-- SOURCE MATERIAL --
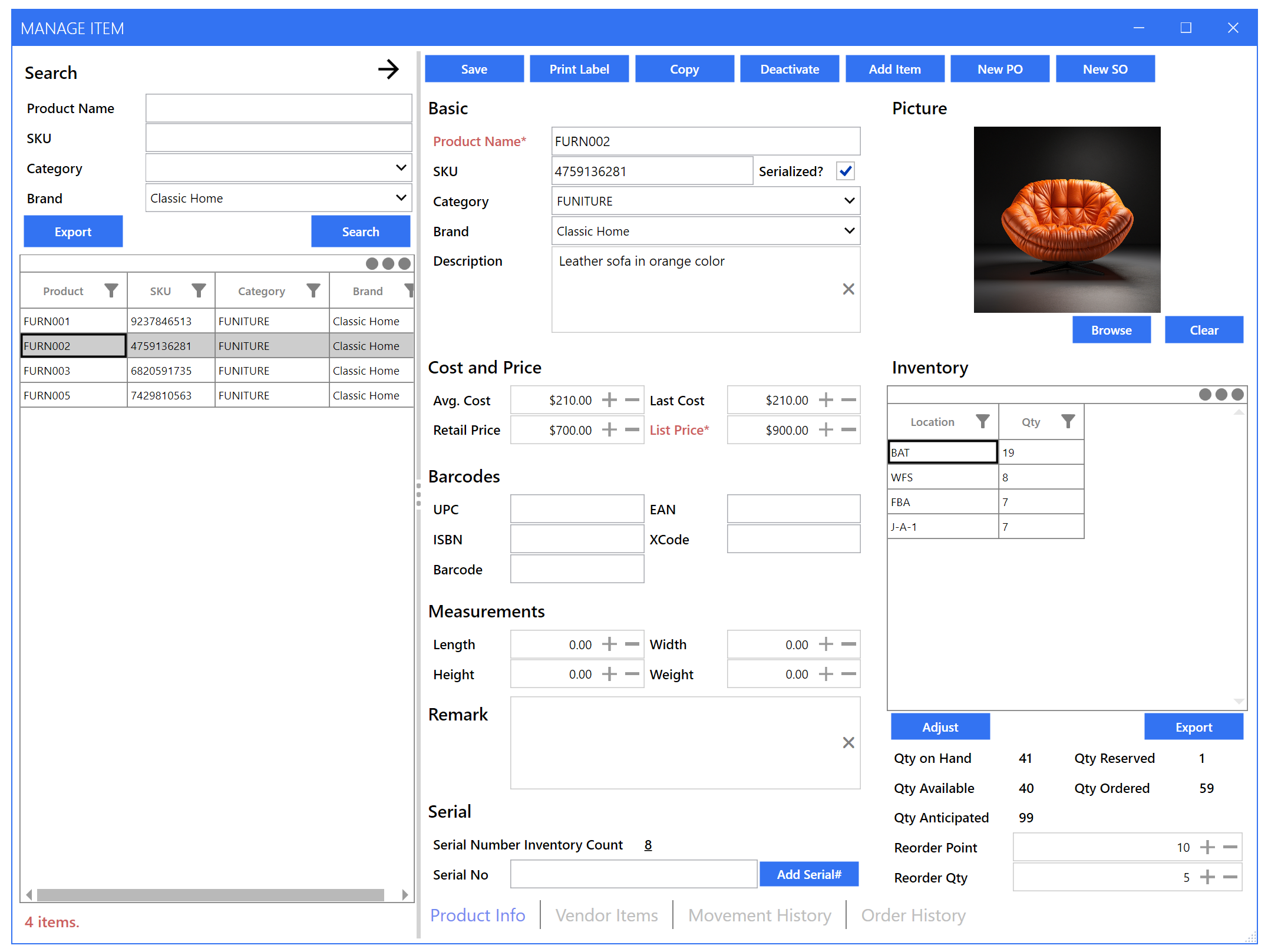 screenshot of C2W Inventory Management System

...

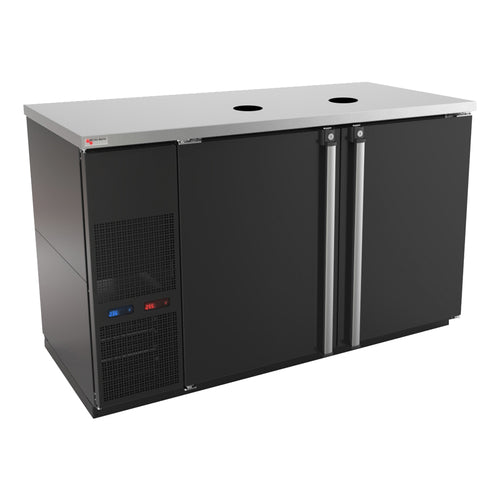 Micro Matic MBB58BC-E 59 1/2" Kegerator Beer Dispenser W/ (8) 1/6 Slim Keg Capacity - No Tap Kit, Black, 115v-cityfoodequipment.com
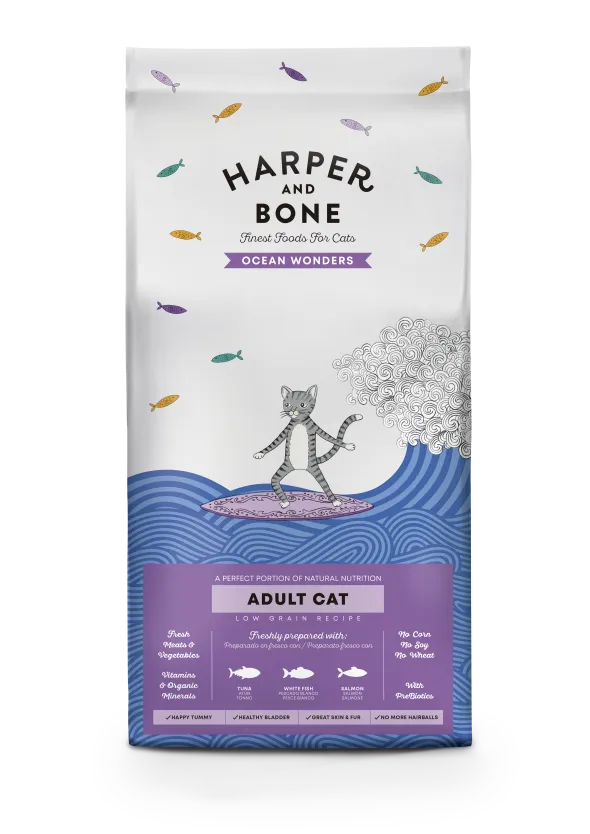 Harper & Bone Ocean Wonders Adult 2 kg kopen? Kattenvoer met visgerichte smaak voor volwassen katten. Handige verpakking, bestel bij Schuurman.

-- PROBLEM REQUIREMENTS --
Given the entries above, transcribe exactly the lines from the one holding "Micro Matic MBB58BC-E" through the one holding "Harper & Bone"; pictures do not belong in the transcription.

-- ANSWER SPACE --
 Micro Matic MBB58BC-E 59 1/2" Kegerator Beer Dispenser W/ (8) 1/6 Slim Keg Capacity - No Tap Kit, Black, 115v-cityfoodequipment.com
 Harper & Bone Ocean Wonders Adult 2 kg kopen? Kattenvoer met visgerichte smaak voor volwassen katten. Handige verpakking, bestel bij Schuurman.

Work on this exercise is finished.